## RECORDS SUPPLIED:

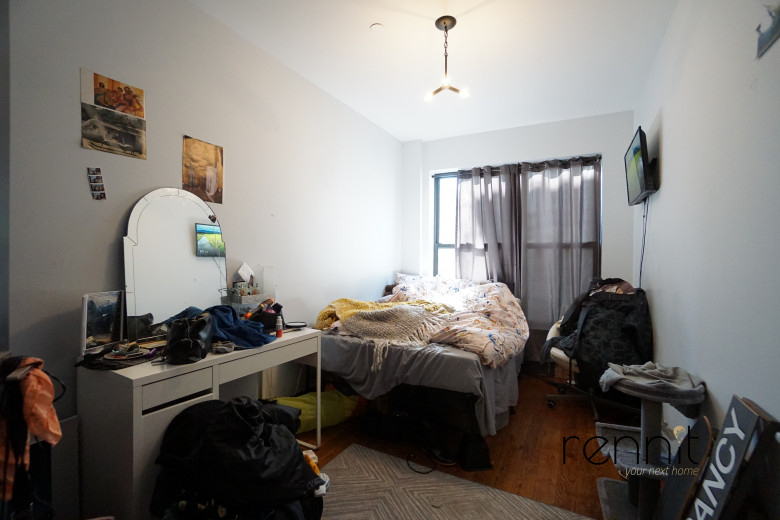 Knickerbocker Avenue - Photo 0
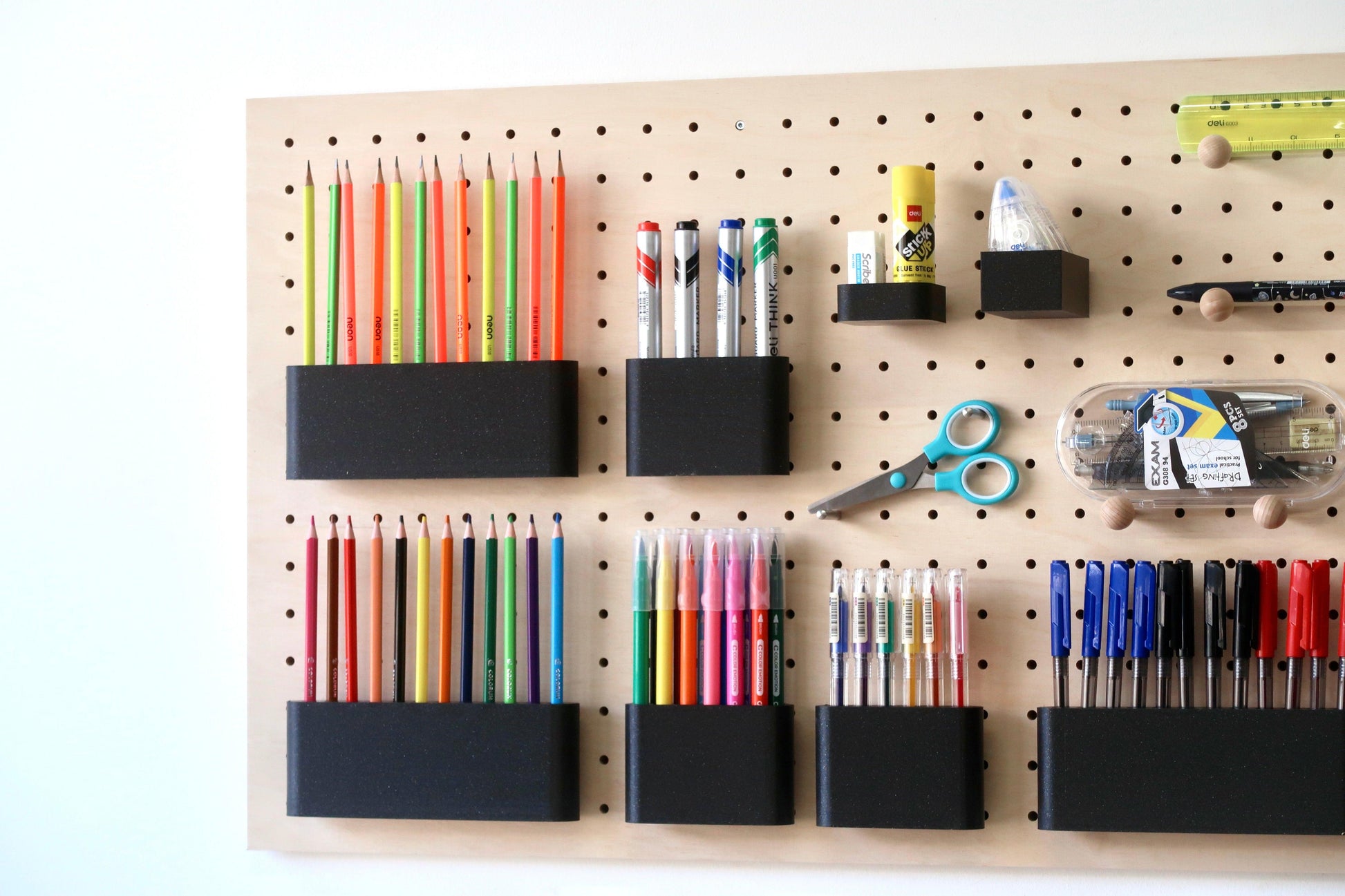 Tout-en-un : le Kit Pegboard 96 x 48 cm + set de bureau : parfait pour un bureau organisé et stylé - Quark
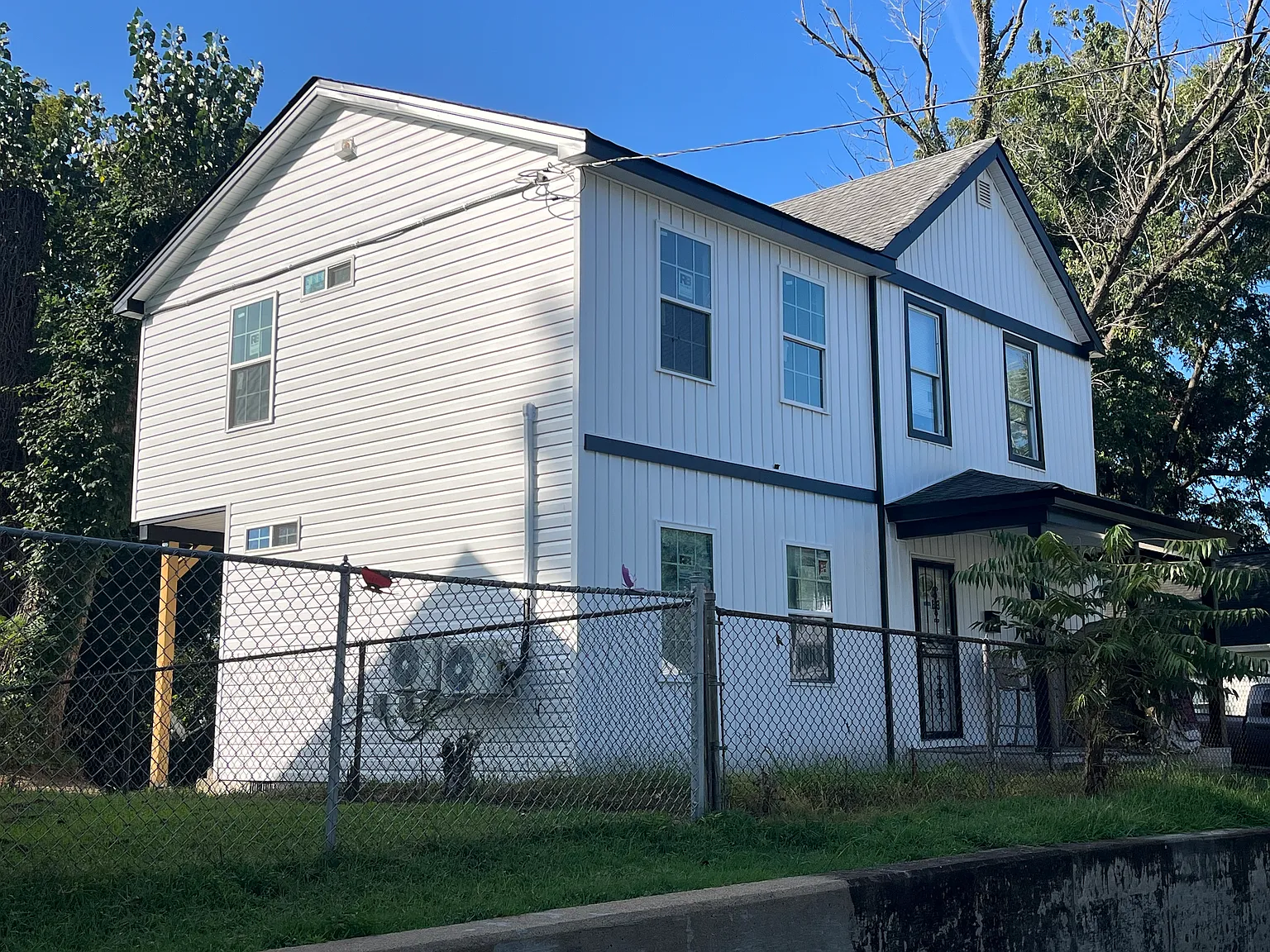 1 bed, 755 sqft, $1,200 — Photo 4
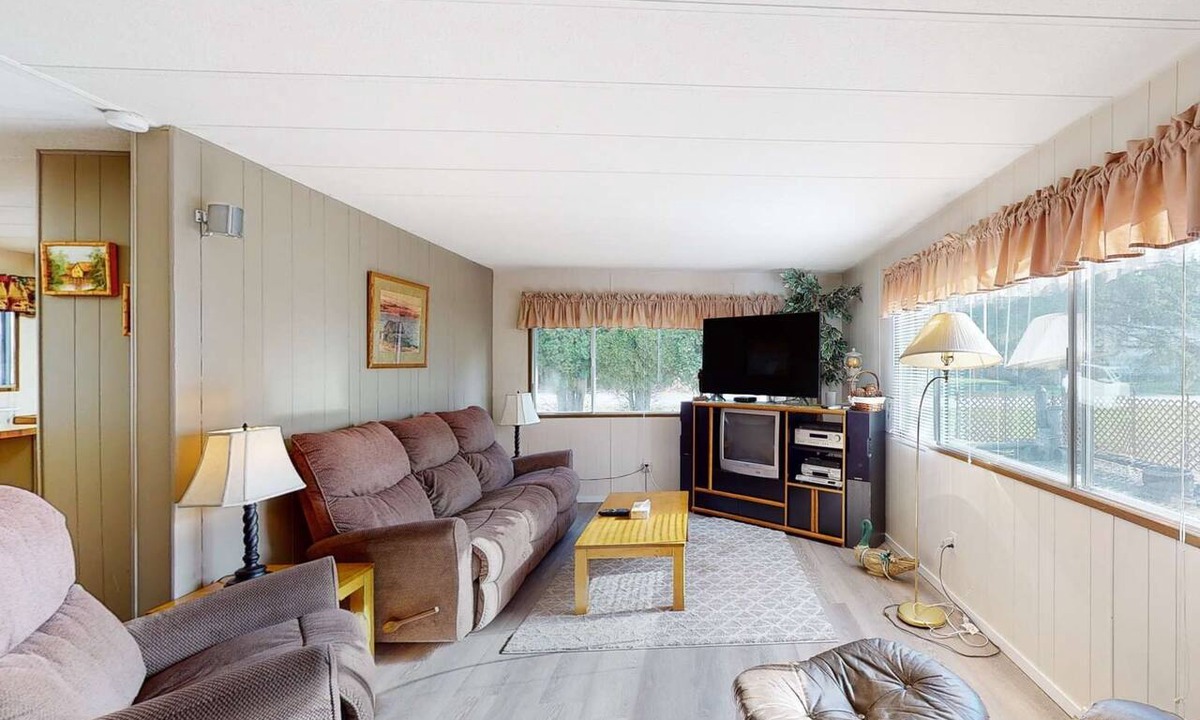Christina Lake House | Okanagan - Lazy Dayz Cottage & Jewels Bunkie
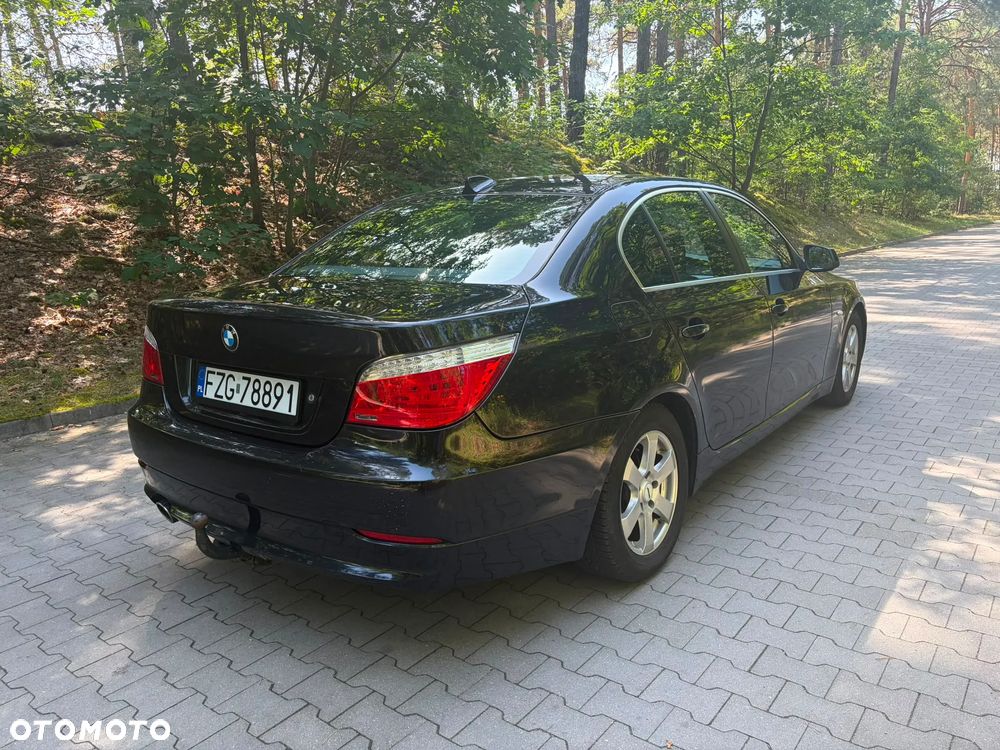 BMW Seria 5 520d Edition Exclusive - 6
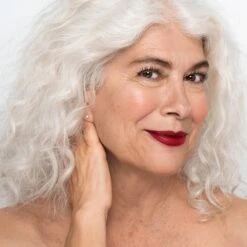 High Voltage Lipstick -Chantecaille || Charlotte Tilbury Shop 813903013875 2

## WORK REQUEST:
The answer is the whole listing above, written out verbatim, without its pictures.

## TASK OUTPUT:
 Knickerbocker Avenue - Photo 0
 Tout-en-un : le Kit Pegboard 96 x 48 cm + set de bureau : parfait pour un bureau organisé et stylé - Quark
 1 bed, 755 sqft, $1,200 — Photo 4
Christina Lake House | Okanagan - Lazy Dayz Cottage & Jewels Bunkie
 BMW Seria 5 520d Edition Exclusive - 6
 High Voltage Lipstick -Chantecaille || Charlotte Tilbury Shop 813903013875 2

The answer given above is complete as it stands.